What is the Biennale?
May 10, 2019architecture, Arsenale, art0 comments
A few key information on why a visit to the Biennale is absolutely worth!
The Biennale contemporary visual art exhibition is one of the most challenging and thrilling shows of its kind in the world and is held every two years in Venice.
Alone the locations, the Giardini and the Arsenale, make the visit something unique, as if you would become part of a gigantic art installation. Rather than paying a visit to the Biennale, you really experience it.
The Giardini (gardens) is a big park with ancient trees and small pavilions, each one with a distinctive architecture.
Born in 1895 in Venice, the Biennale originally hosted all artworks in a single pavilion, which was articulated in different rooms and sections put on disposal of the countries that participated in.
In the first years of the 20th century, due to the growing of the exhibition and to the competition of the States to get more room for their artists, there was need for more space. The board of the Biennale decided to allow the States to build their own pavilions throughout the area. The position in the park and the architecture that would represent them became important elements to convey their role in the international politics.
In the course of the years, the national pavilions were often rebuilt and the style was updated to the new times and the new image that the governments wanted to show.

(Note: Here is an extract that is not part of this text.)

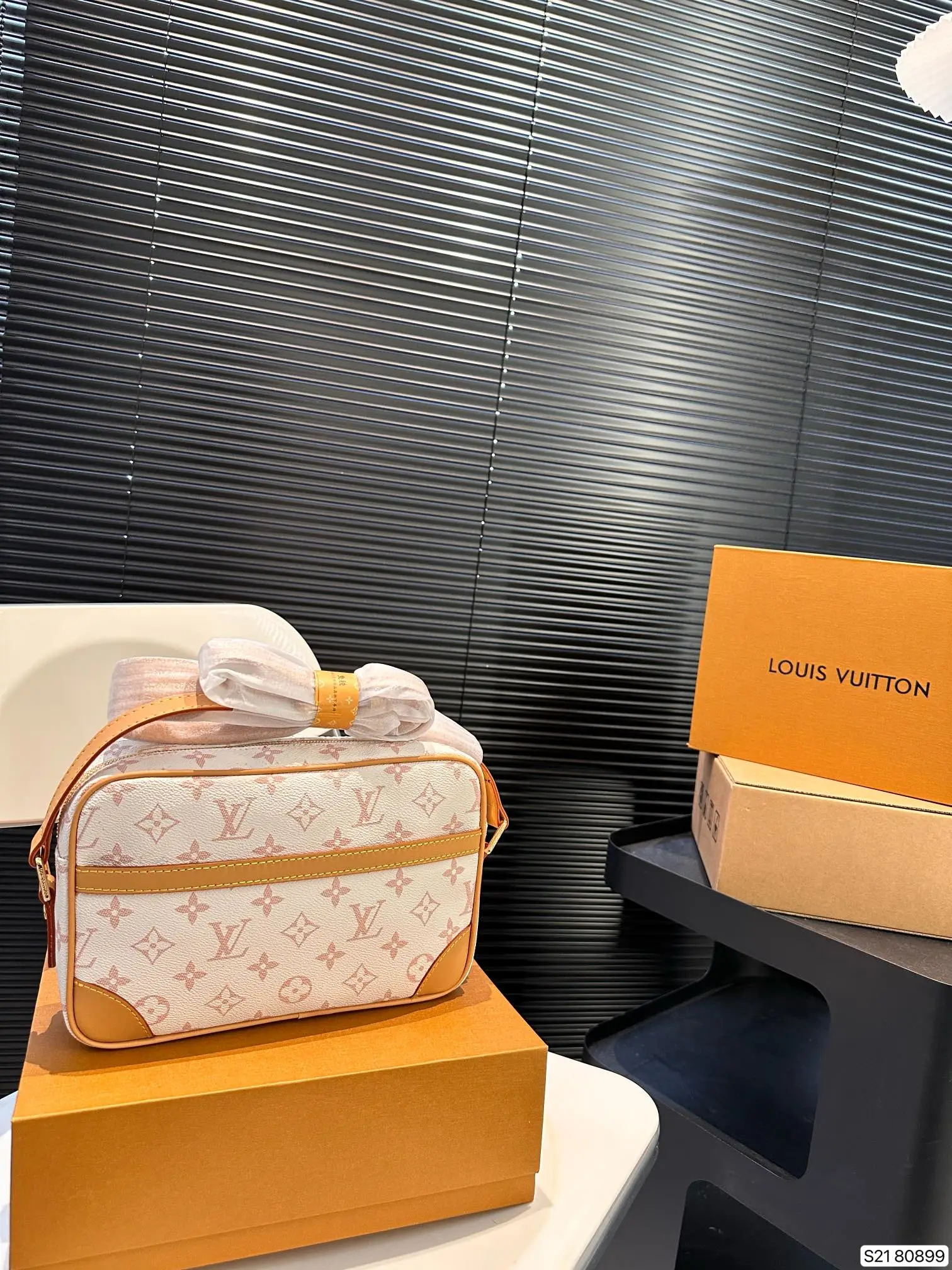 Louis Vuitton Bag — 8ad68f62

The French pavilion in the Giardini with the installation Rêvolutions by Boursier-Mougenot (2015)
The pavilions host the works of the artists chosen from the countries to which they belong. Each country has a different system of selection of the artists and curators who are going to represent it: it might be the responsibility of the Ministry of Culture or of a committee of art critics and curators.
The central pavilion is dedicated to the main show organized by the Biennale Foundation. Every two years the Foundation appoints an art curator of international prestige: Jean Clair, Harald Szeemann, Robert Storr, Massimiliano Gioni to name just a few. This year the curator is Ralph Rugoff.
The richness and variety of the Biennale art exhibition is not comparable with any other one. You can stroll from pavilion to pavilion and discover in each one completely different works: installations, classical artworks, art-videos, or performances. Every pavilion reveals itself as the shrine of an artistic experience.
If you decide to become an “art pilgrim”, take some time to visit the Giardini and take advantage of the chairs around the two main cafeterias to have a break.
Due to the huge number of artworks, I suggest you to see the other location, the Arsenale, on a next day.
The Arsenale, the former shipyard of the Republic, consists of a series of sheds of the 16th century. The longest of them housed the Corderie (rope-factory, rebuilt in the 16th century), where any kind of cord, string, cable that could be used on the ships were made.
Other sheds were used as docks to build the ships.

A view on the sheds of the Arsenale, where in the past they would build ships or parts of them
As you walk in the ancient building, you are confronted with its imposing space full of history.
As every curator has a different opinion on how to show the works, you can find them displayed in the long hall without interruption or organized in mini pavilions.
Also in the Arsenale, like in the Giardini, you have a section dedicated to the main exhibition organized by the Biennale and national pavilions. In this case the States do not own the historic buildings but they rent the space from the Biennale Foundation.
A nice park, the former garden of a convent, overlooking the northern Lagoon, surrounds the last sheds.

A view on the sheds of the Arsenale, where in the past they would build ships or parts of them
Since there are more and more countries participating in the Biennale and space at the Giardini and the Arsenale is limited, many exhibitions are set up in palaces, churches and other places in the city.
During the six months of the Biennale Venice becomes an open-air art gallery and allows an updated look at what is art today, in all continents.